◆ WHAT IS BEING ASKED
For this exercise, reproduce only the lines from the one holding "Joli hongre kwpn de 4 ans, +- 1m70, kwpn" through the final line of the data below, exactly, and omit pictures.

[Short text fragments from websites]
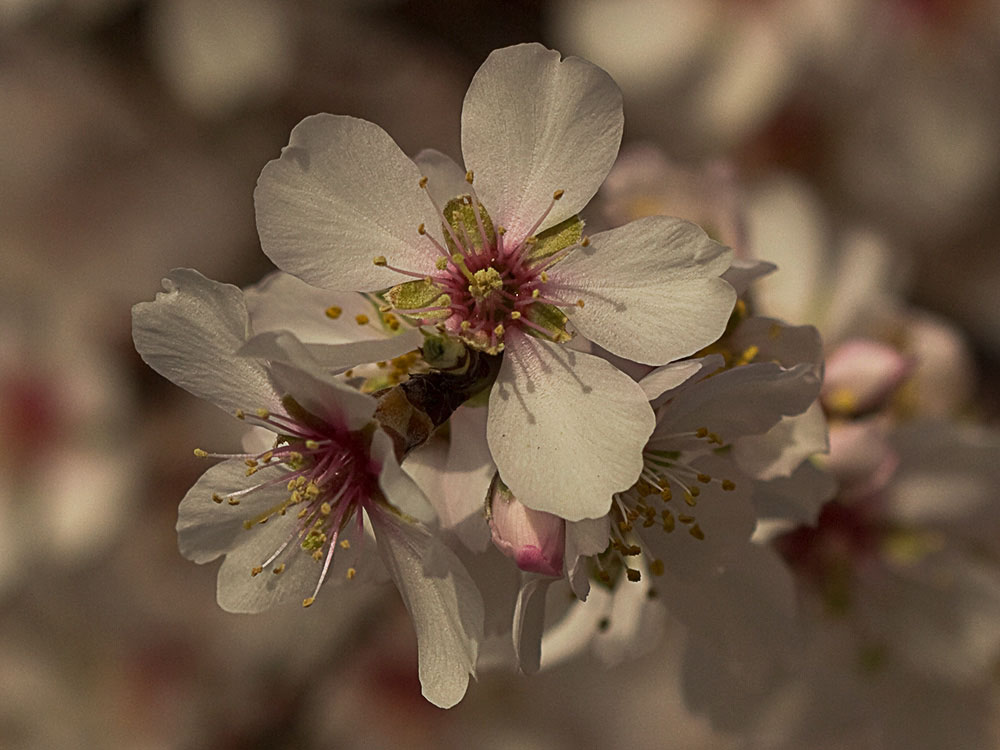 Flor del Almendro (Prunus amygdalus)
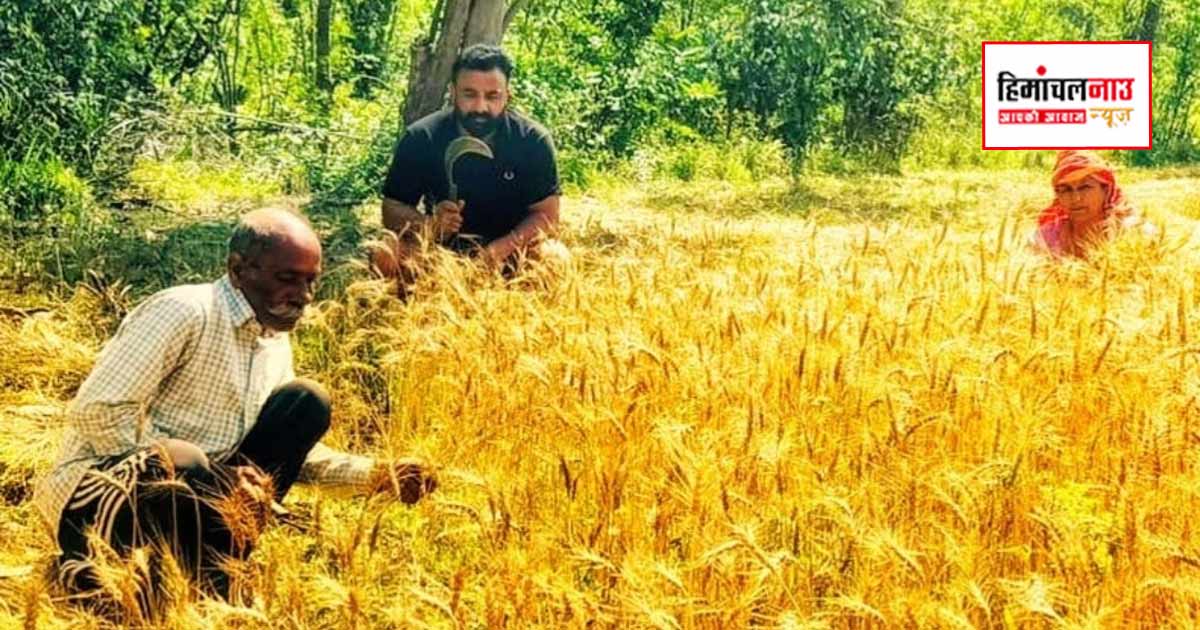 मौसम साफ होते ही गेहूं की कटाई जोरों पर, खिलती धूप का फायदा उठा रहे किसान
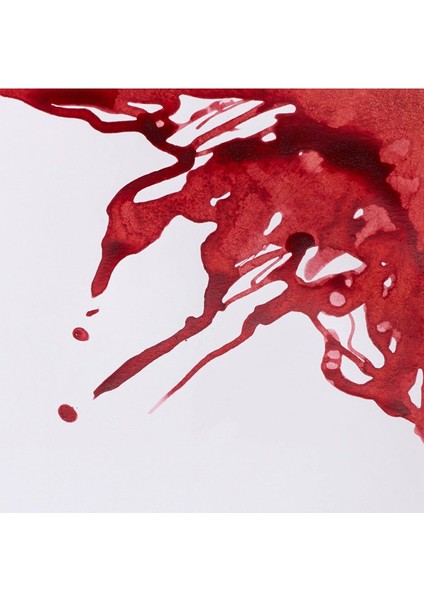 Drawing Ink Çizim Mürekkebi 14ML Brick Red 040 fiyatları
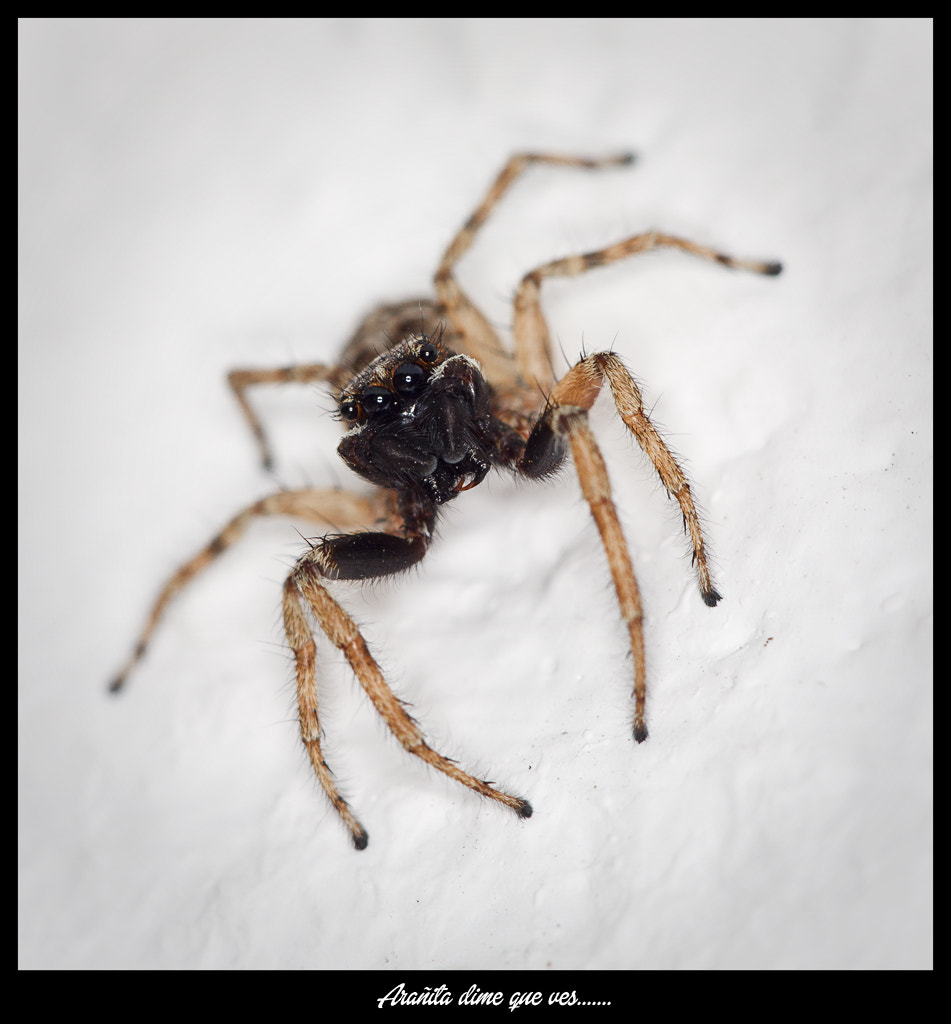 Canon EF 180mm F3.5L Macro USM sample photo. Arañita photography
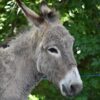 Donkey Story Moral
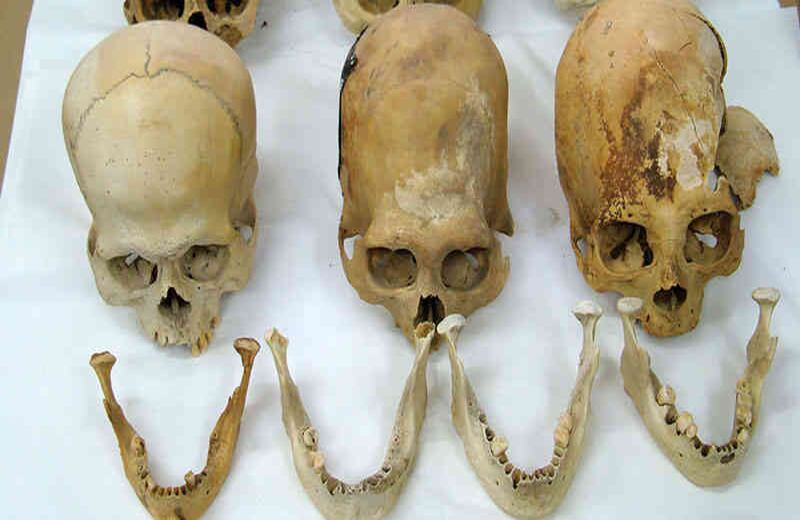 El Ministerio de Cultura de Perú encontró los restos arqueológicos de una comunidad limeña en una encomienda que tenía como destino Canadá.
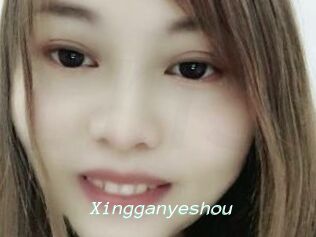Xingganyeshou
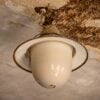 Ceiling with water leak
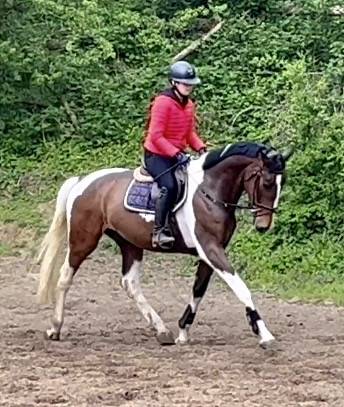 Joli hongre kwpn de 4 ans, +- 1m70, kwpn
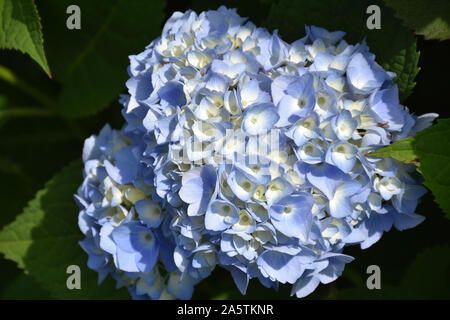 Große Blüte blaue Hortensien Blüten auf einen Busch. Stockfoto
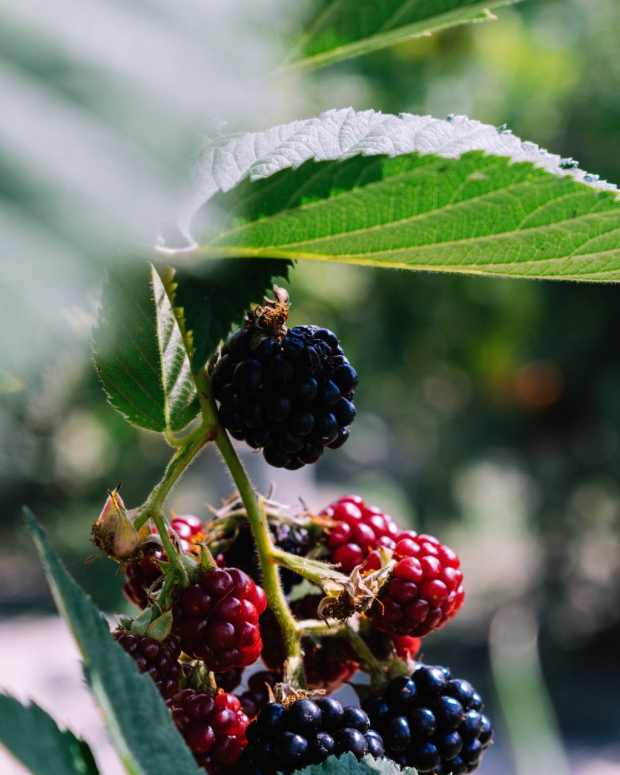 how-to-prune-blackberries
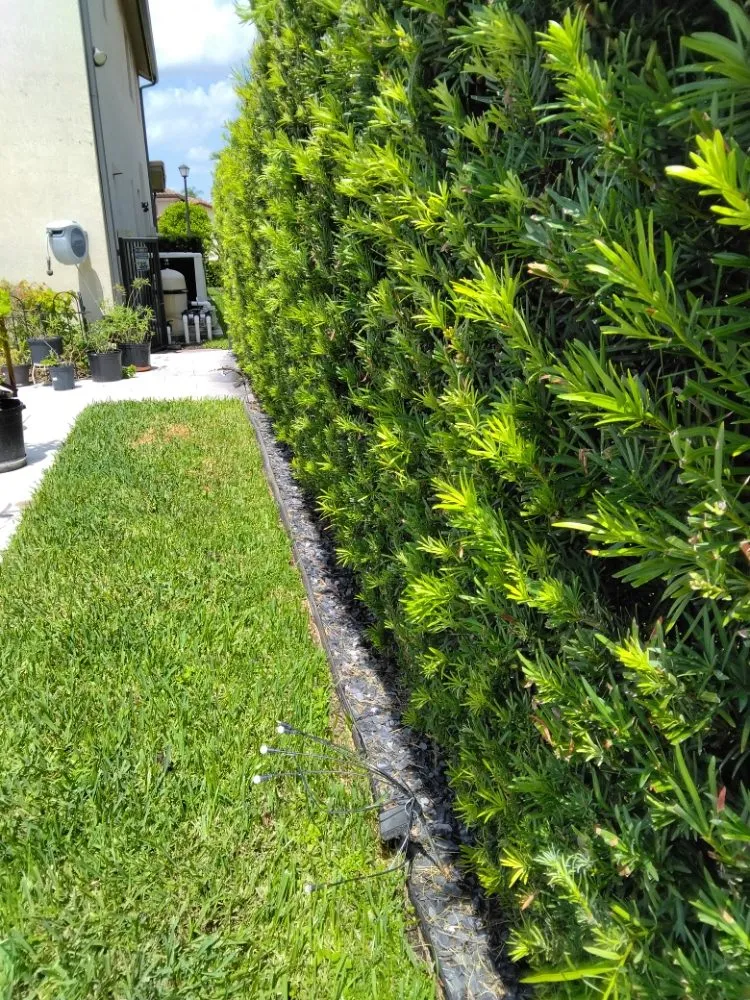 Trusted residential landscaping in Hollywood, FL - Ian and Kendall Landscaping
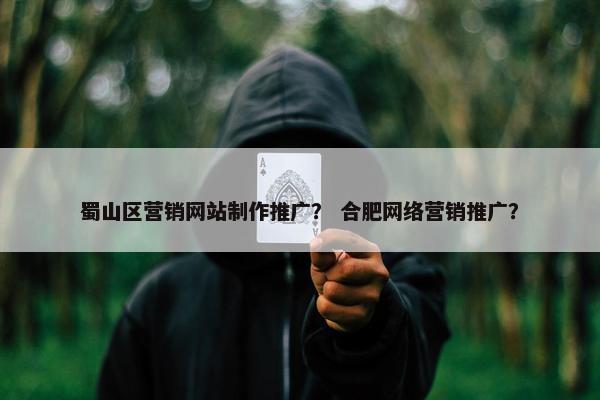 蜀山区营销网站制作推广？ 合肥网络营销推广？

◆ SOLVED PROBLEM
 Joli hongre kwpn de 4 ans, +- 1m70, kwpn
 Große Blüte blaue Hortensien Blüten auf einen Busch. Stockfoto
 how-to-prune-blackberries
 Trusted residential landscaping in Hollywood, FL - Ian and Kendall Landscaping
 蜀山区营销网站制作推广？ 合肥网络营销推广？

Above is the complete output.